By identifying these dimensions through a one-time 15-second calibration and removing error correction on the remaining 96–97% noise dimensions, SpectralQuant achieves better quality and better compression simultaneously.
| SpectralQuant | TurboQuant | Improvement | |
|---|---|---|---|
| Cosine similarity (Qwen 2.5-14B) | 0.9485 | 0.9226 | +2.59 pp |
| Compression ratio | 5.95× | 5.02× | +18.6% |
| Latency (512 tokens) | 0.257 ms/step | 0.566 ms/step | 2.2× faster |
| Perplexity (Qwen 7B, 1024 tok) | 7.51 | 7.51 | Compression-neutral |
-
Universal low-rank structure. d_eff/head_dim ≈ 3–4% across Qwen (1.5B, 7B, 14B), Llama 3.1-8B, Mistral 7B, and Gemma 2-9B — the ratio is constant across head dimensions, model sizes, and architecture families.
-
Statistically significant. 10-seed CI on Qwen 2.5-1.5B: SQ mean=0.8635 ± 0.0024 vs TQ mean=0.8409 ± 0.0046, Wilcoxon p=0.031.
-
Faster at all sequence lengths. SQ is faster than TQ at 512, 1024, and 2048 tokens. No latency penalty for calibration-aware compression.
-
KV spectral asymmetry. Keys: d_eff ≈ 4. Values: d_eff ≈ 40–55 (10–15× larger). This explains why low-rank compression fails for values while SQ succeeds.

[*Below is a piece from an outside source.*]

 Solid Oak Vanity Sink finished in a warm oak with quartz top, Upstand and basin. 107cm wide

git clone https://github.com/dynamis-labs/spectralquant.git
cd spectralquant
pip install -e ".[dev]"
# Clone TurboQuant baseline
mkdir -p baseline
git clone https://github.com/DevTechJr/turboquant_cutile.git baseline/turboquant_cutile
# Run main experiment (quick mode)
PYTHONPATH=src python experiments/run_memory_efficiency.py --quick# Core experiments
PYTHONPATH=src python experiments/neurips_models_asymmetry.py # Mistral + Gemma + KV asymmetry
PYTHONPATH=src python experiments/neurips_seeds_latency.py # 10-seed CI + latency crossover
PYTHONPATH=src python experiments/neurips_llama_full.py # LongBench on Llama (requires HF_TOKEN)
PYTHONPATH=src python experiments/lowrank_cossim_sweep.py # Low-rank sweep- Python ≥ 3.10
- PyTorch ≥ 2.2.0
- CUDA GPU (experiments ran on NVIDIA B200)

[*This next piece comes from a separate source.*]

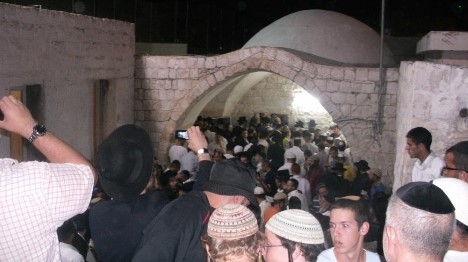 יהודים נכנסו לקבר יוסף והוכו בידי שופי"ם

All experiments use seed 42 as default. The 10-seed CI test uses seeds: 42, 123, 7, 2024, 31415, 99, 1337, 8675309, 271828, 314159.
Every number in the paper traces to a script and a result file in this repository.

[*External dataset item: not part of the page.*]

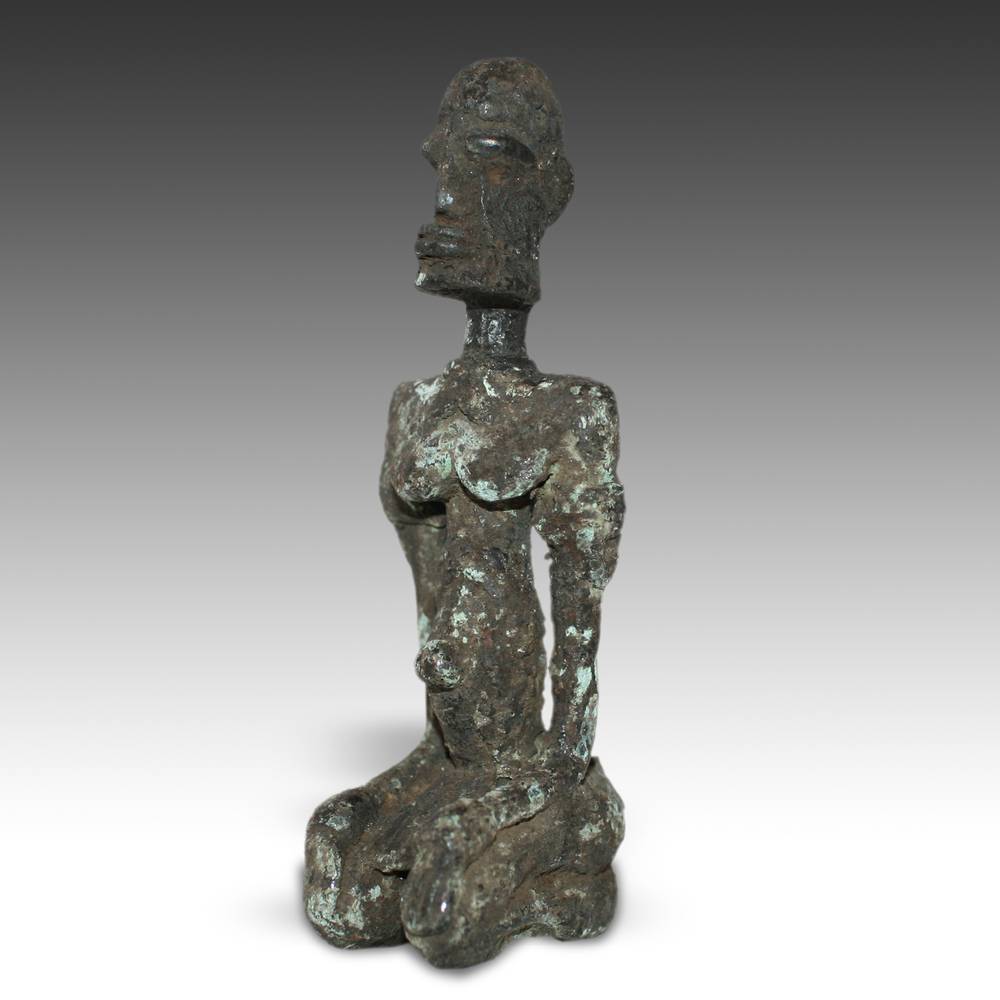 Dogon Seated Male Figure - Image 3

| Paper Section | Claim | Script | Result File |
|---|---|---|---|
| Abstract | SQ 0.9485 vs TQ 0.9226 on 14B (+2.59 pp) | run_memory_efficiency.py |
results/memory_efficiency/all_models.json |
| Abstract | 5.95× vs 5.02× compression | Analytical (bit accounting) | Same |
| Abstract | PPL=9.51 (Qwen 1.5B) | run_v3_ppl_niah_v2.py |
results/v3/v3_perplexity_v2.json |
| Abstract | PPL=7.51 (Qwen 7B) | neurips_seeds_latency.py |
results/neurips/neurips_qwen7b_ppl.json |
| Abstract | NIAH 10/10 (Llama) | run_v3_ppl_niah_v2.py |
results/v3/v3_niah_llama_v2.json |
| Table 1 | d_eff/head_dim ≈ 3–4% (6 models) | neurips_models_asymmetry.py |
results/neurips/neurips_*.json |
| Table 3 | Main results (4 models) | run_memory_efficiency.py |
results/memory_efficiency/all_models.json |
| §Stats | Wilcoxon p=0.031, 10-seed CI | neurips_seeds_latency.py |
results/neurips/neurips_10seed.json |
| §Cross-arch | Llama +1.74 pp, Mistral +1.21 pp, Gemma +0.72 pp | neurips_models_asymmetry.py |
results/neurips/neurips_*.json + results/v3/v3_crossarch.json |
| §Dist shift | +2.1 to +3.6 pp across domains | run_v3_deff_distshift_latency.py |
results/v3/v3_distribution_shift.json |
| §Latency | SQ faster at all seq lengths | neurips_seeds_latency.py |
results/neurips/neurips_latency_crossover.json |
| §KV asymmetry | d_eff_keys≈4, d_eff_vals≈40–55 | neurips_models_asymmetry.py |
results/neurips/neurips_kv_asymmetry.json |
| §Low-rank | Values fail at r=4 (CosSim=0.15) | lowrank_cossim_sweep.py |
results/lowrank/lowrank_cossim_sweep.json |
| §Calibration | CV=3.9% | run_calibration_stability.py |
results/calibration_stability/stability.json |
| Ablation | Config G = 0.8741 | run_final_experiments.py |
results/final/final_experiments.json |
| §LongBench | Preliminary n=5 | neurips_llama_full.py |
results/v3/v3_longbench.json |
spectralquant/
├── src/spectralquant/ Core library (9 modules)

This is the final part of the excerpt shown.